小学校学習指導要領(平成10年12月14日文部省告示第175号)
【第2章 各教科/第4節 理科/第2 各学年の目標及び内容/〔第4学年〕/2 内容】
C 地球と宇宙
(1) 月や星を観察し,月の位置と星の明るさや色及び位置を調べ,月や星の特徴や動きについての考えをもつようにする。
 ア 月は絶えず動いていること。
 イ 空には,明るさや色の違う星があること。
 ウ 星の集まりは,1日のうちでも時刻によって,並び方は変わらないが,位置が変わること。
【3 内容の取扱い】
(4) 内容の「C地球と宇宙」の(1)については,次のとおり取り扱うものとする。
 ア 月の動きについては,三日月や満月などの中から二つの月の形を扱うこと。
 イ ウの「星の集まり」については,二つ又は三つの星座を扱うこと。

というわけで、ヤフー産経の『現在は中学で学んでいる「太陽と月」は小学で学ばせる。』という記述はよく意味がわからなかったのですが、まだ文部科学省のサイトでもこの素案はアップされていないようなので、詳細はよくわかりません。

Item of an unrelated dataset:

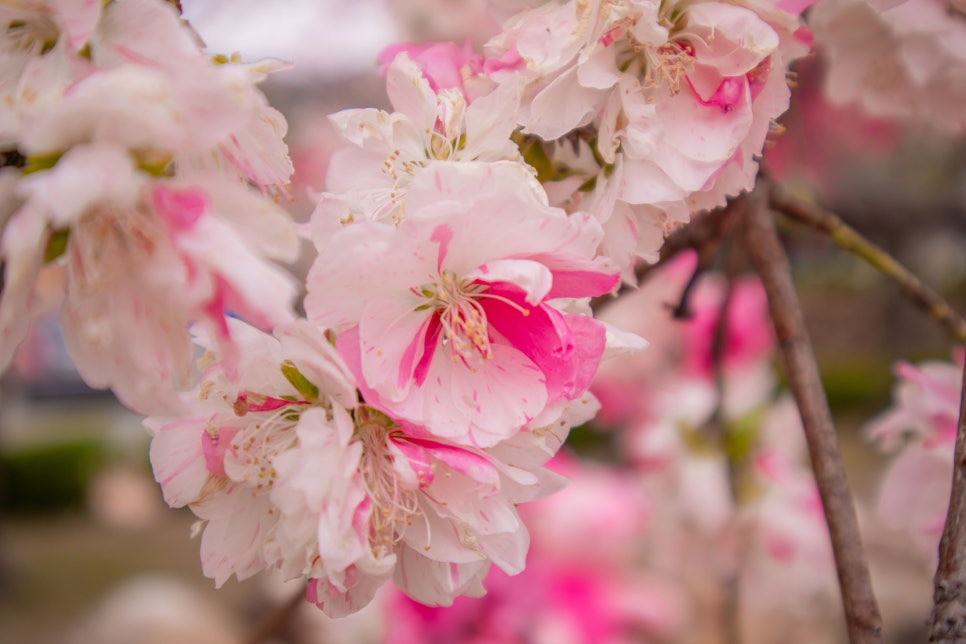 대구근교 고령 도진마을 무릉원 능수도화 꽃구경🌸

http://www.mext.go.jp/b_menu/shingi/chukyo/chukyo3/siryo/029/07090310/003.htm
では、

(2) 教育内容の改善(基礎的な知識・技能の確実な定着の重視)
(具体例)
(1)国語の美しい表現やリズムを身に付けるといった観点から小学校における易しい古文や漢文の音読や暗唱を重視、漢字指導の充実(国語)
(2)都道府県や世界の主な国々の位置と名称などの確実な習得(社会)
(3)学年間等で反復(スパイラル)する教育課程を構成することによる計算能力などの確実な習得(算数)
(4)エネルギー、粒子、生命、地球などの科学の基本的な見方や概念を柱とした教育内容の充実(理科)

となっていて、これが「都道府県名を暗記させる」「計算力重視」と報道されているわけですが、理科についてもエネルギーの概念が小学校で登場しそうな勢いになっているようです。